* _Problem details_:
For this exercise, reproduce the records exactly as they stand and do not carry any images over.

* _Record excerpts_:

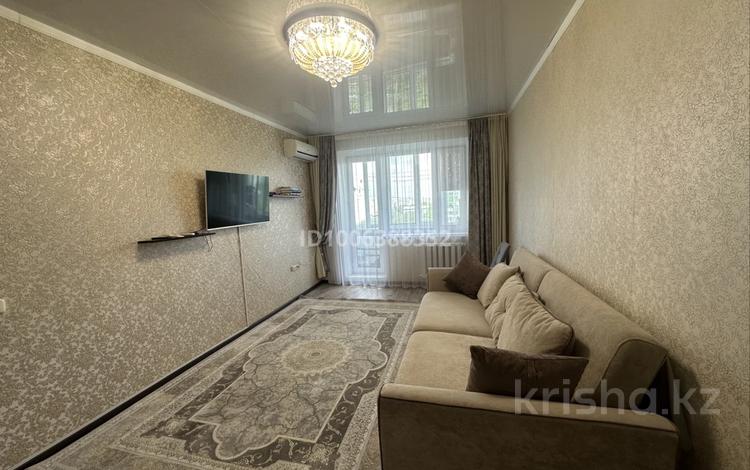 2-комнатная квартира · 52 м² · 8/9 этаж, мкр Северо-Восток 38 за 18 млн 〒 в Уральске — фото 2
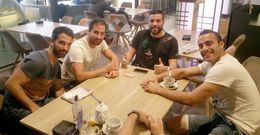 Amigos y rivales. Los deportistas del Boiro, Herbert y Cano, juegan a las cartas con sus excompaeros, Marcos Caridad y Agull. Los cuatro compartieron vestuario y todava mantienen una gran amistad. 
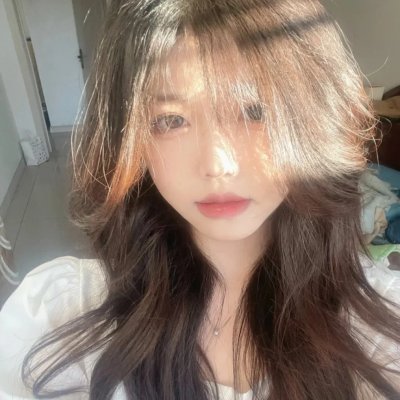 地板下的小矮人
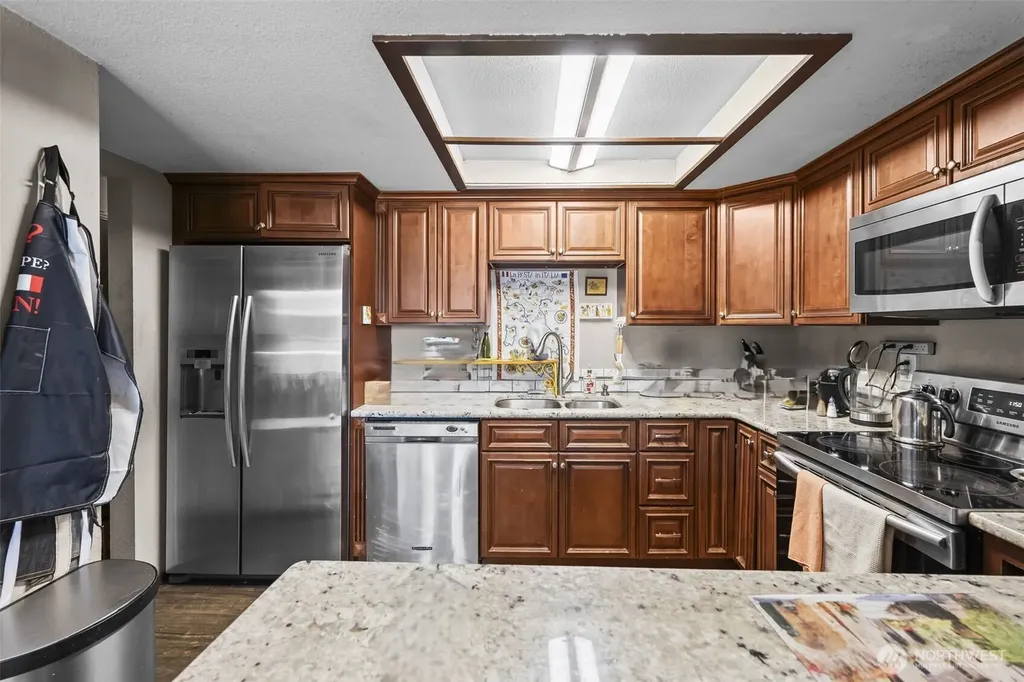 296 North Shore Boulevard Fox Island WA 98333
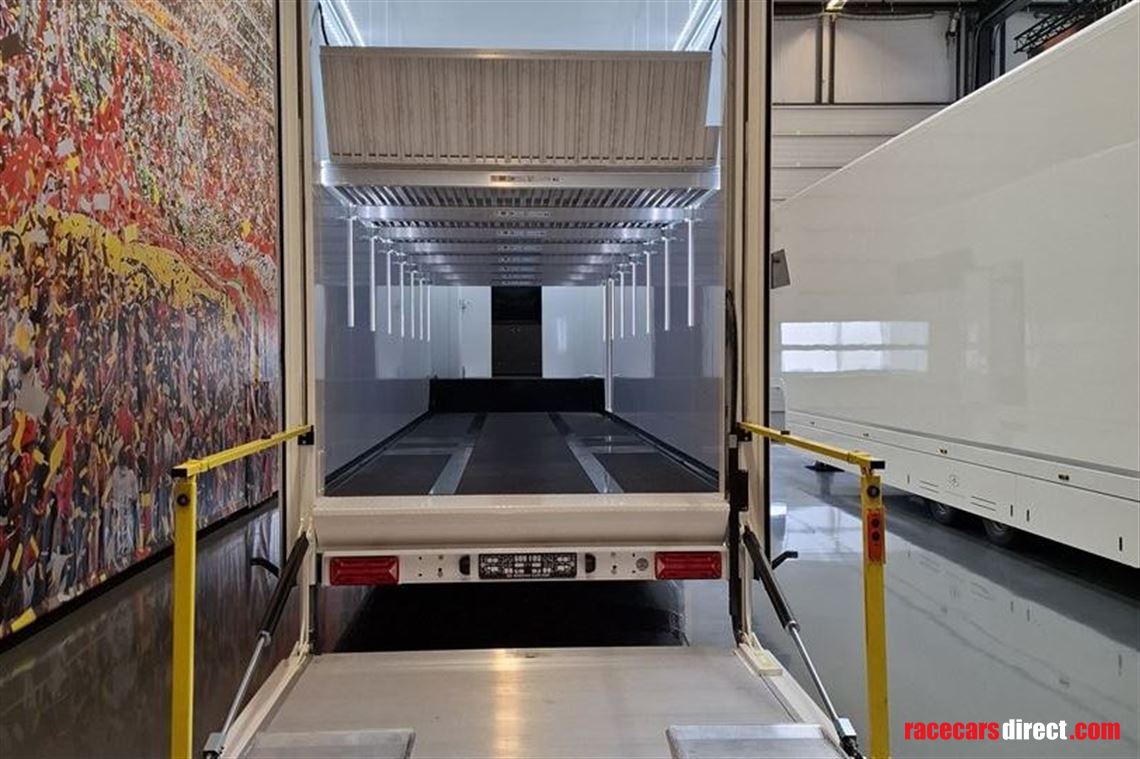 in-stock-new-engineers-office-with-cargo-deck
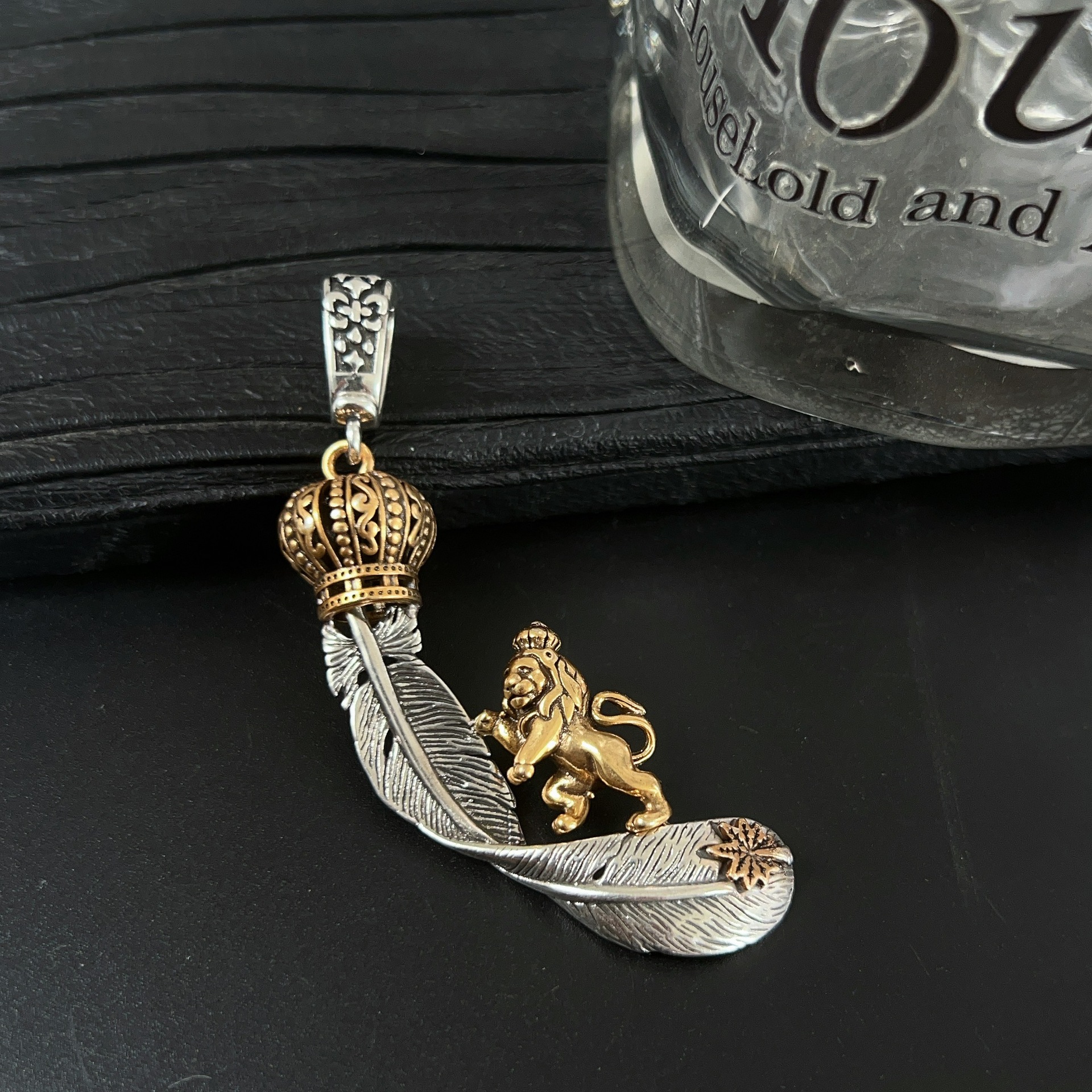 Vintage Thai Silver Crown Feather Lion Personalized Creative Necklace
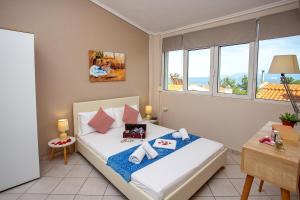 A bed or beds in a room at Endless Blue Sunshine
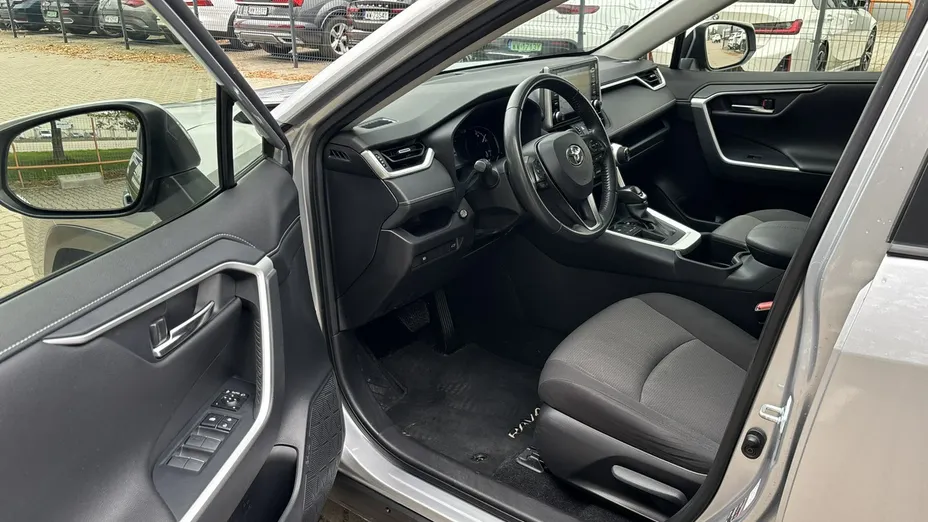 TOYOTA RAV4 -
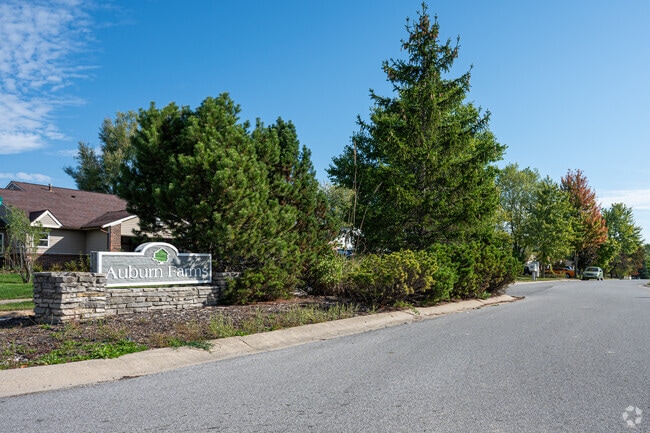 Welcome to Fort Wayne's Auburn Farms.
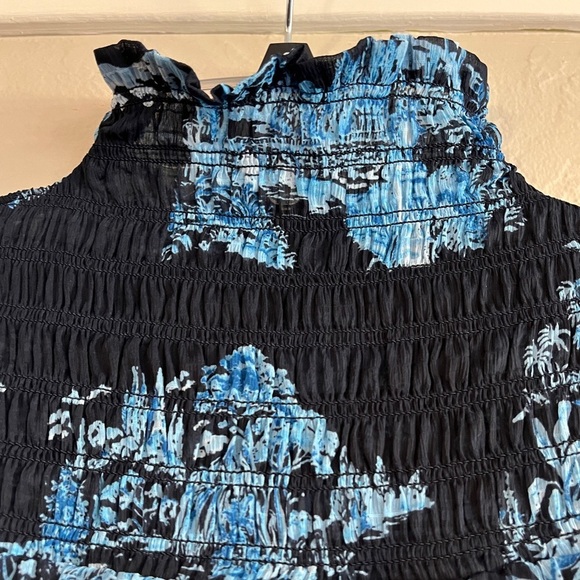 Ann Taylor Navy Blue Floral Toile Smocked Yoke Top Blouse Shirt in Night… - Picture 6 of 7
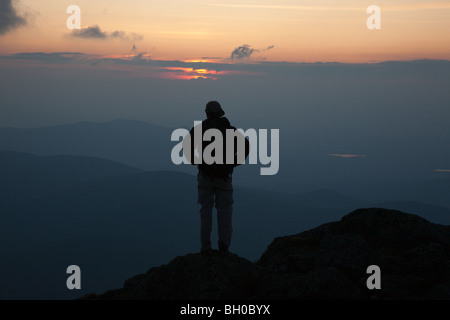 Un randonneur jouit du coucher de soleil depuis le mont de l'argile. Situé dans les Montagnes Blanches du New Hampshire, USA Banque D'Images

* _Your solution_:
 2-комнатная квартира · 52 м² · 8/9 этаж, мкр Северо-Восток 38 за 18 млн 〒 в Уральске — фото 2
 Amigos y rivales. Los deportistas del Boiro, Herbert y Cano, juegan a las cartas con sus excompaeros, Marcos Caridad y Agull. Los cuatro compartieron vestuario y todava mantienen una gran amistad. 
 地板下的小矮人
 296 North Shore Boulevard Fox Island WA 98333
 in-stock-new-engineers-office-with-cargo-deck
 Vintage Thai Silver Crown Feather Lion Personalized Creative Necklace
 A bed or beds in a room at Endless Blue Sunshine
 TOYOTA RAV4 -
 Welcome to Fort Wayne's Auburn Farms.
 Ann Taylor Navy Blue Floral Toile Smocked Yoke Top Blouse Shirt in Night… - Picture 6 of 7
 Un randonneur jouit du coucher de soleil depuis le mont de l'argile. Situé dans les Montagnes Blanches du New Hampshire, USA Banque D'Images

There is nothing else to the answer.